Zhang Meng, Zhang Li-Li, Yi Ling-Bo, Tu Xiao-Nian, Zhou Ying, Li Dai-Yang, Xue Han-Chun, Li Yu-Xia, Zheng Zhong-Zheng
Shanghai Tissuebank Biotechnology Co., Ltd, Shanghai, China.
Heliyon. 2024 May 7;10(9):e30616. doi: 10.1016/j.heliyon.2024.e30616. eCollection 2024 May 15.
The objective of this study was to provide theoretically feasible strategies by understanding the relationship between the immune microenvironment and the diagnosis and prognosis of AML patients. To this end, we built a ceRNA network with lncRNAs as the core and analyzed the related lncRNAs in the immune microenvironment by bioinformatics analysis.
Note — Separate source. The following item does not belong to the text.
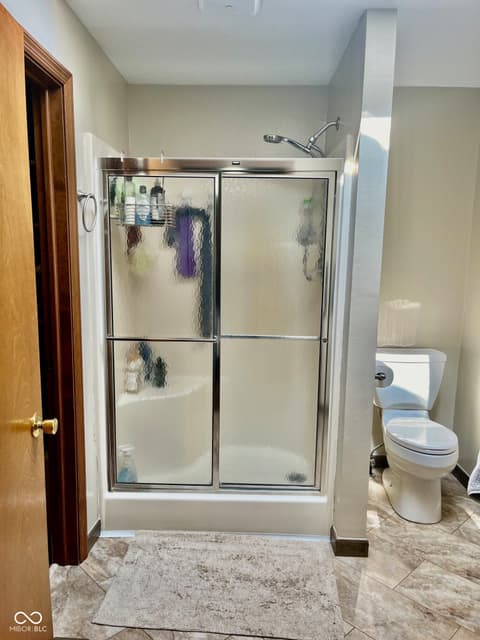 Bathroom at 522 E Fordice Street, Lebanon, IN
AML transcriptome expression data and immune-related gene sets were obtained from TCGA and ImmPort. Utilizing Pearson correlation analysis, differentially expressed immune-related lncRNAs were identified. Then, the LASSO-Cox regression analysis was performed to generate a risk signature consisting immune-related lncRNAs. Accuracy of signature in predicting patient survival was evaluated using univariate and multivariate analysis. Next, GO and KEGG gene enrichment and ssGSEA were carried out for pathway enrichment analysis of 183 differentially expressed genes, followed by drug sensitivity and immune infiltration analysis with pRRophetic and CIBERSORT, respectively. Cytoscape was used to construct the ceRNA network for these lncRNAs.
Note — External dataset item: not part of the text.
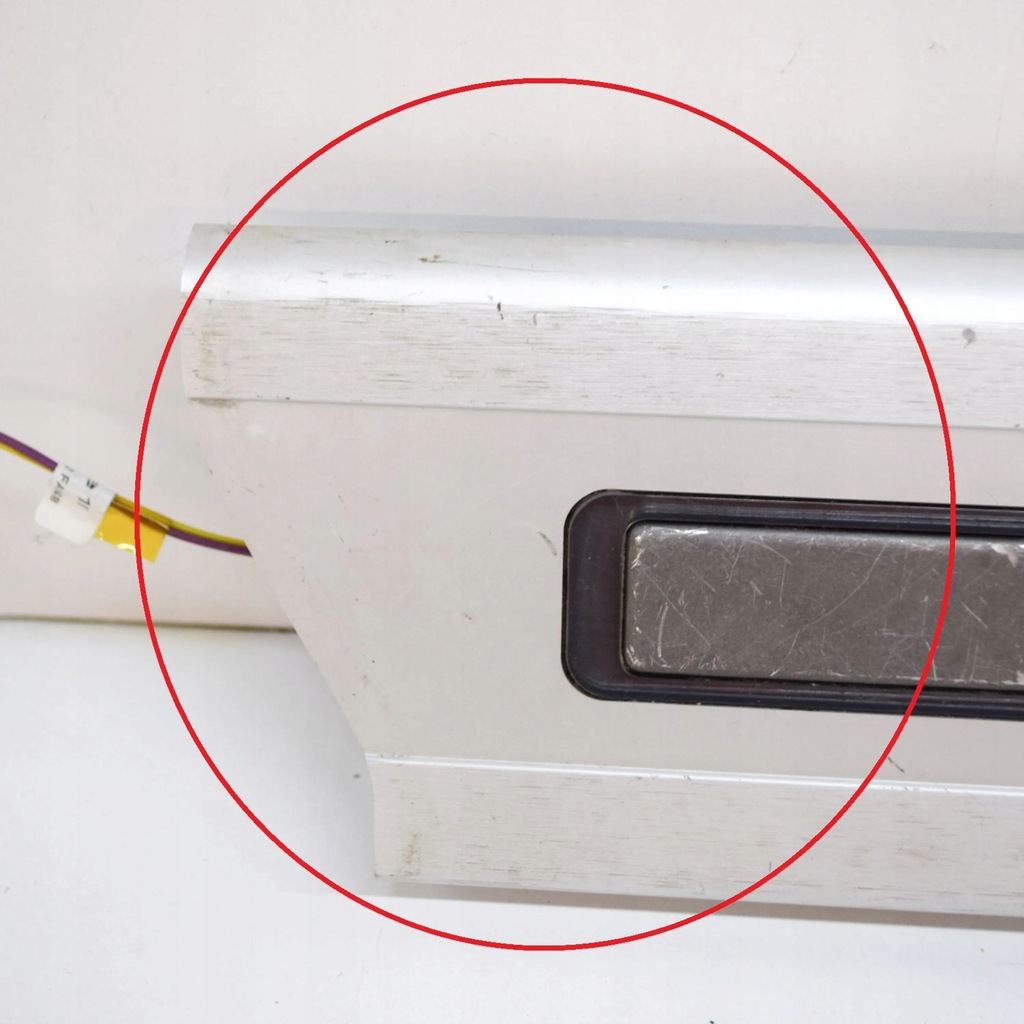 фото №4, Land rover range rover sport l494 2015 левая сторона молдинг порог задняя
816 common lncRNAs were selected to acquire the components related to prognosis. The final risk signature established by multivariate Cox and stepwise regression analysis contained 12 lncRNAs engaged in tumor apoptotic and metastatic processes: LINC02595, HCP5, AC020934.2, AC008770.3, LINC01770, AC092718.4, AL589863.1, AC131097.4, AC012368.1, C1RL-AS1, STARD4-AS1, and AC243960.1. Based on this predictive model, high-risk patients exhibited lower overall survival rates than low-risk patients. Signature lncRNAs showed significant correlation with tumor-infiltrating immune cells. In addition, significant differences in PD-1/PD-L1 expression and bleomycin/paclitaxel sensitivity were observed between risk groups.
LncRNAs related to immune microenvironment were prospective prognostic and therapeutic options for AML.
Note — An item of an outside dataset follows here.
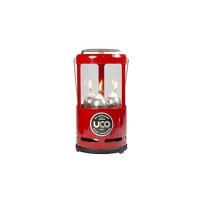 Uco Candlelier Deluxe Candle Lantern, Red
本研究的目的是通过了解免疫微环境与急性髓系白血病(AML)患者诊断及预后之间的关系,提供理论上可行的策略。为此,我们构建了以长链非编码RNA(lncRNA)为核心的竞争性内源RNA(ceRNA)网络,并通过生物信息学分析免疫微环境中的相关lncRNA。
从癌症基因组图谱(TCGA)和免疫数据库(ImmPort)获取AML转录组表达数据和免疫相关基因集。利用Pearson相关性分析鉴定差异表达的免疫相关lncRNA。然后,进行LASSO-Cox回归分析以生成由免疫相关lncRNA组成的风险特征。使用单变量和多变量分析评估该特征预测患者生存的准确性。接下来,对183个差异表达基因进行基因本体(GO)和京都基因与基因组百科全书(KEGG)基因富集以及单样本基因集富集分析(ssGSEA),随后分别使用pRRophetic和CIBERSORT进行药物敏感性和免疫浸润分析。利用Cytoscape构建这些lncRNA的ceRNA网络。
选择816个常见lncRNA以获取与预后相关的成分。通过多变量Cox和逐步回归分析建立的最终风险特征包含12个参与肿瘤凋亡和转移过程的lncRNA:LINC02595、HCP5、AC020934.2、AC008770.3、LINC01770、AC092718.4、AL589863.1、AC131097.4、AC012368.1、C1RL-AS1、STARD4-AS1和AC243960.1。基于此预测模型,高危患者的总生存率低于低危患者。特征lncRNA与肿瘤浸润免疫细胞显示出显著相关性。此外,在风险组之间观察到程序性死亡受体1(PD-1)/程序性死亡配体1(PD-L1)表达和博来霉素/紫杉醇敏感性的显著差异。
与免疫微环境相关的lncRNA是AML潜在的预后和治疗选择。